▶ **EXERCISE INSTRUCTIONS**
Give the listing again in full and exactly, apart from its pictures.

▶ **MATERIAL PROVIDED**
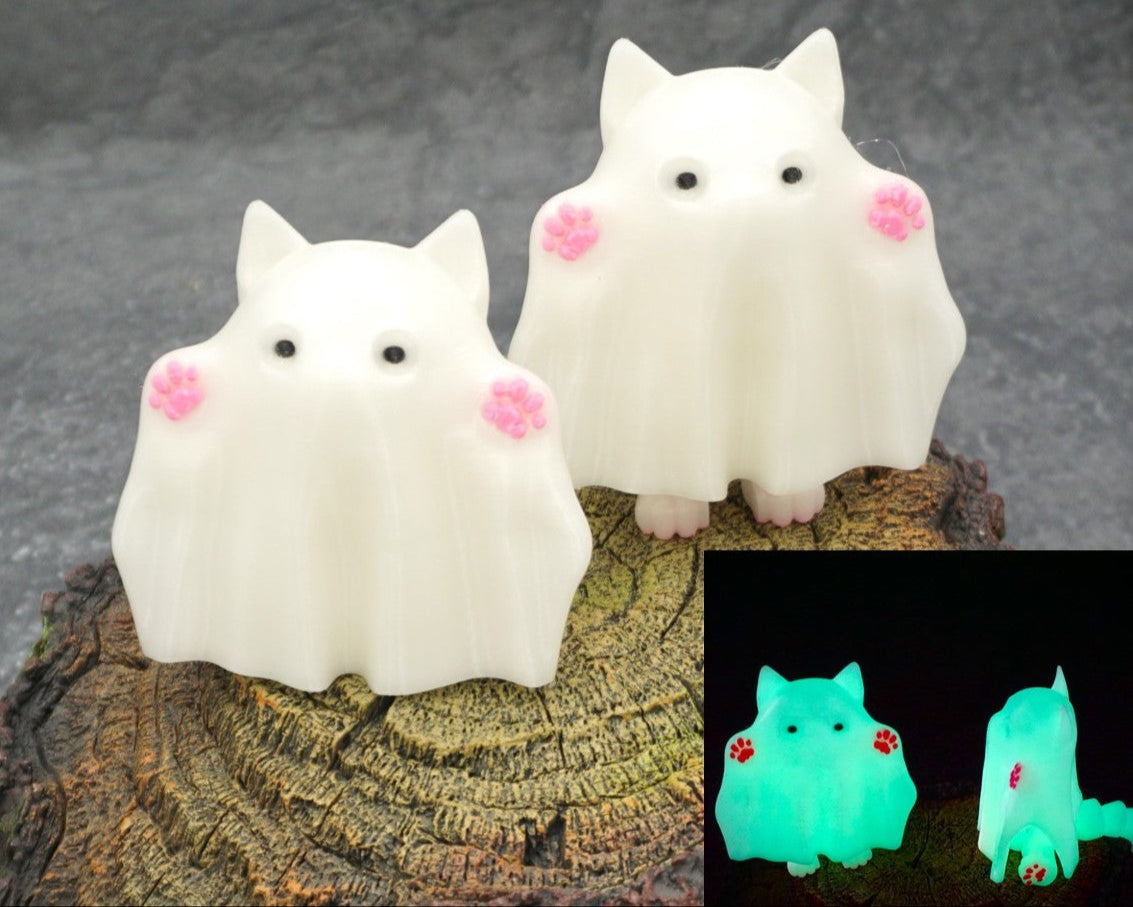 Ghost kittens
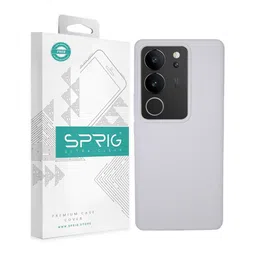 SPRIG Solid Printed Vivo V29 Back Case Mobile Accessories-image-26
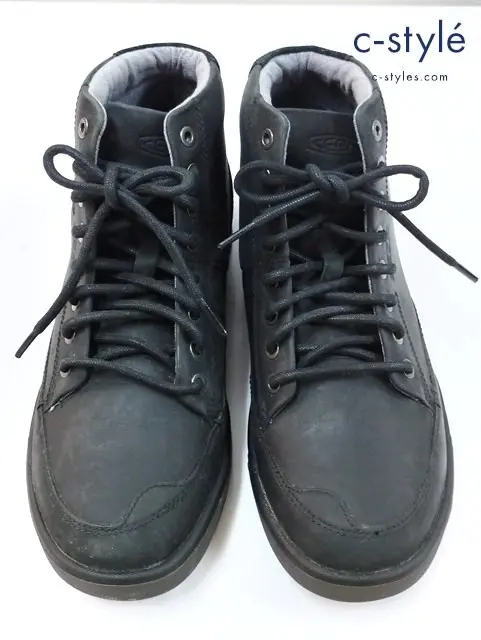 KEEN キーン GLENHAVEN SNEAKER MID スニーカー 26.5cm ブラック 1019517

▶ **YOUR SOLUTION**
 Ghost kittens
 SPRIG Solid Printed Vivo V29 Back Case Mobile Accessories-image-26
 KEEN キーン GLENHAVEN SNEAKER MID スニーカー 26.5cm ブラック 1019517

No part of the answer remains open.